America's Zoo Keeper
Jack Hanna's love for all God's creatures has given him an international reputation
by Kevin Dale Miller

It's CBS's "Late Night with David Letterman" and Letterman is grilling his guest Jack Hanna, director of the Columbus Zoo in Ohio, about a bird Jack has brought on the show.

"And how far can it fly?" Letterman asks.

"Oh, they fly real far, Dave," Jack replies, not sure of the answer.

I'm in trouble now, he quickly realizes as Letterman wryly sits back and stares several long moments at the zookeeper. The audience laughs expectantly, waiting for Letterman to move in for the kill.

"You're not a zoo director, are you, Jack?" he pans. "There is no zoo in Columbus, is there?"

No zoo in Columbus—it was almost the truth back in 1978 when Hanna moved with his wife, Suzi, and their three young girls, Kathaleen, Suzanne, and Julie, to Ohio, where Jack had been hired to run the city's financially beleaguered zoo. At the time, the facility was so neglected that on Jack's preliminary visit to the city a cab driver insisted there was no zoo in Columbus.

Today, eighteen years later, the Columbus Zoo is not only on the map; it is internationally recognized for its success in breeding endangered species and for displaying animals in natural habitats instead of traditional cages.
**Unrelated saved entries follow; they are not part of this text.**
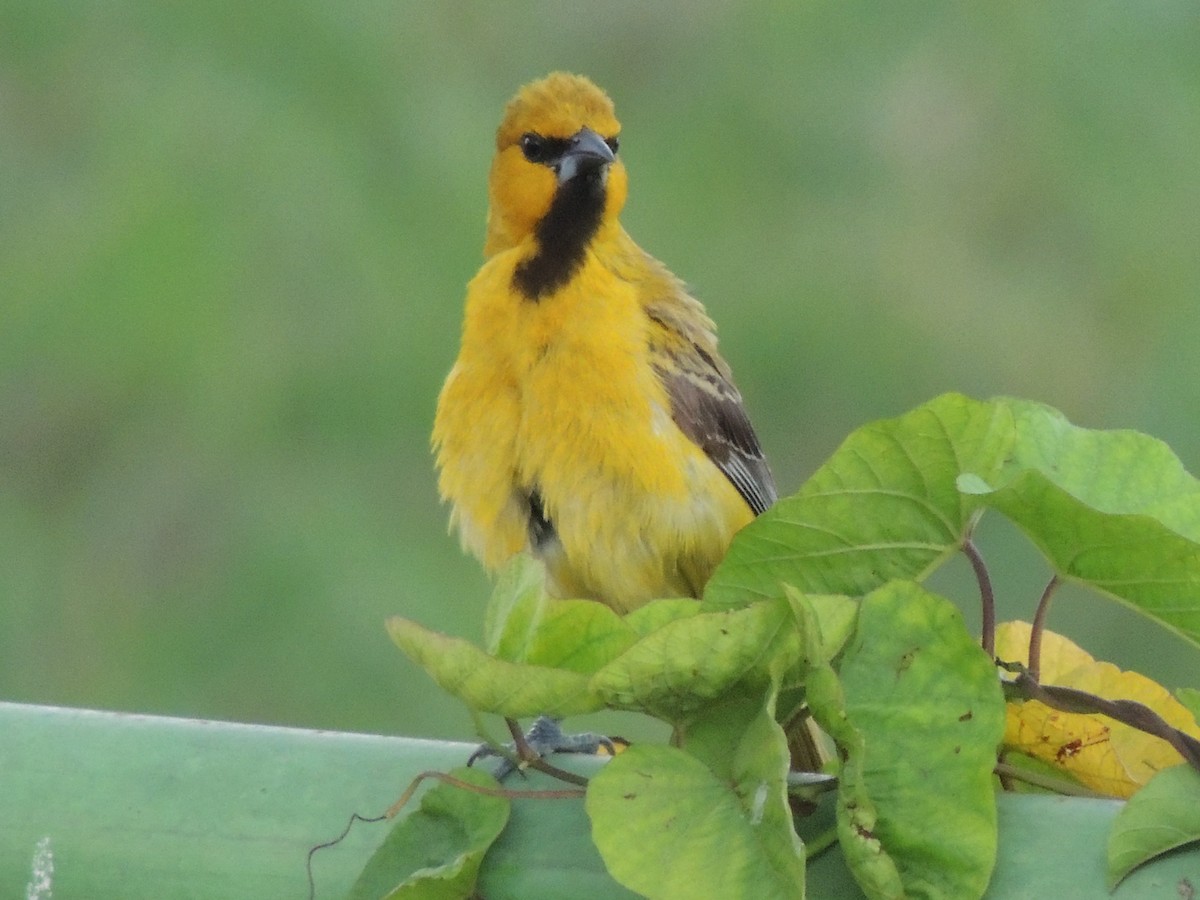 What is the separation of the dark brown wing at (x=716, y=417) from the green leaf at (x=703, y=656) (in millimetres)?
1451

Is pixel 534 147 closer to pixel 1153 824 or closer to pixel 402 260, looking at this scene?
pixel 1153 824

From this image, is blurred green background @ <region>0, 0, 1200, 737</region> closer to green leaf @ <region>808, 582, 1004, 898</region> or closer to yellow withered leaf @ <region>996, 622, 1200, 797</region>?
yellow withered leaf @ <region>996, 622, 1200, 797</region>

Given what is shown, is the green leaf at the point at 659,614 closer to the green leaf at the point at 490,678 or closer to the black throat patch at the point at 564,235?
the green leaf at the point at 490,678

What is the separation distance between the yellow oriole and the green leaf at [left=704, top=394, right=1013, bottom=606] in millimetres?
1195

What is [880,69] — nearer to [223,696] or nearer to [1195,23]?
[1195,23]

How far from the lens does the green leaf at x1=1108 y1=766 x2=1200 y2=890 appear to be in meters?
0.92

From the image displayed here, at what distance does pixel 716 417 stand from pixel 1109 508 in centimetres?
149

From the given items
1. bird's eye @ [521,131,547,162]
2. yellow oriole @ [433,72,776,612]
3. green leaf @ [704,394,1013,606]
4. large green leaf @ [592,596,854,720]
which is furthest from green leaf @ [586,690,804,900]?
bird's eye @ [521,131,547,162]

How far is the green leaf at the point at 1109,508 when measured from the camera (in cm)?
97

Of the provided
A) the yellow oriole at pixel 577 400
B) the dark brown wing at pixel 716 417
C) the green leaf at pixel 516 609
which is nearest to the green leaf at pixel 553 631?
the green leaf at pixel 516 609

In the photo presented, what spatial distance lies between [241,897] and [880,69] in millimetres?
4496

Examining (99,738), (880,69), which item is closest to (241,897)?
(99,738)

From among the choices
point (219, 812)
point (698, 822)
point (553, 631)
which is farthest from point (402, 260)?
point (698, 822)

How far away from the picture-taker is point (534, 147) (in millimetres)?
2453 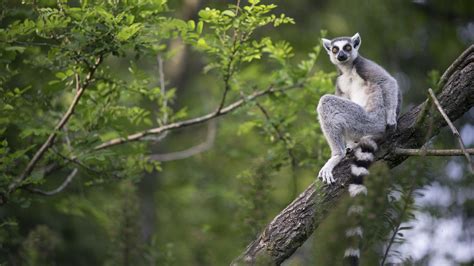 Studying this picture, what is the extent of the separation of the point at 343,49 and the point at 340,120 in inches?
44.6

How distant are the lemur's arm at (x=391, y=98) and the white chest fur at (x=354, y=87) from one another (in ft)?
0.77

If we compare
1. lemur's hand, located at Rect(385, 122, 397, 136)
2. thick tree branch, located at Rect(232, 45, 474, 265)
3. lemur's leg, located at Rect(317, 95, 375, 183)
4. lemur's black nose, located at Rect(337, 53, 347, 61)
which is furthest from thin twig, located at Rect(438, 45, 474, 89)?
lemur's black nose, located at Rect(337, 53, 347, 61)

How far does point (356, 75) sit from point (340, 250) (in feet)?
11.9

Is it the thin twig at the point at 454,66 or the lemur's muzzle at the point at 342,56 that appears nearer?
the thin twig at the point at 454,66

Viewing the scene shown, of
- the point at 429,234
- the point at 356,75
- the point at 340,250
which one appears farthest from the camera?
the point at 356,75

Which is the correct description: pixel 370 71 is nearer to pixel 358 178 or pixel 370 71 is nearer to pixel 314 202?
pixel 358 178

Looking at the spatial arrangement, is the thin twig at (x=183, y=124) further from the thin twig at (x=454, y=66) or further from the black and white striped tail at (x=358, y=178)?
the thin twig at (x=454, y=66)

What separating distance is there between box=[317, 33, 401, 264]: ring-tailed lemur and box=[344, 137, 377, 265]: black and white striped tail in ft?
0.03

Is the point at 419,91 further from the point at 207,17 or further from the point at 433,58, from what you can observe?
the point at 207,17

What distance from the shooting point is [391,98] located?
235 inches

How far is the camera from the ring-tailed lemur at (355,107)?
18.3ft

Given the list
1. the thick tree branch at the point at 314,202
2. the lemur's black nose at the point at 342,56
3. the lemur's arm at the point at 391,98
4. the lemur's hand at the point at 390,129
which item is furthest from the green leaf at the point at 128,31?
the lemur's black nose at the point at 342,56

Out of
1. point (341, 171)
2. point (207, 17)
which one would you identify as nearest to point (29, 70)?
point (207, 17)

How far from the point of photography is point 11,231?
6070 millimetres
The zoo may be best known, however, for "Jungle Jack" himself, who has become something of a celebrity to the children who follow his nationally syndicated television show "Jack Hanna's Animal Adventures" on ABC (aired on Saturday mornings in most markets) and to the adults who enjoy his good-natured late-night sparring with Letterman or his early morning appearances on ABC's "Good Morning America"—with squirming penguins, baby apes, or red-tailed foxes in tow. (One fox managed to bite GMA host Charlie Gibson. "I was sweating bullets," Jack said later, "because sometimes foxes have rabies. But Charlie never died, so I guess it was okay. Boy, he never lets me forget that.")

Because of Hanna's success in turning around the Columbus Zoo, other zoos and wildlife conservation groups soon began seeking his counsel and his promotional skills for their programs. By 1993, he was on the road twenty-five days a month-from Africa to Antarctica-consulting and hosting his television show.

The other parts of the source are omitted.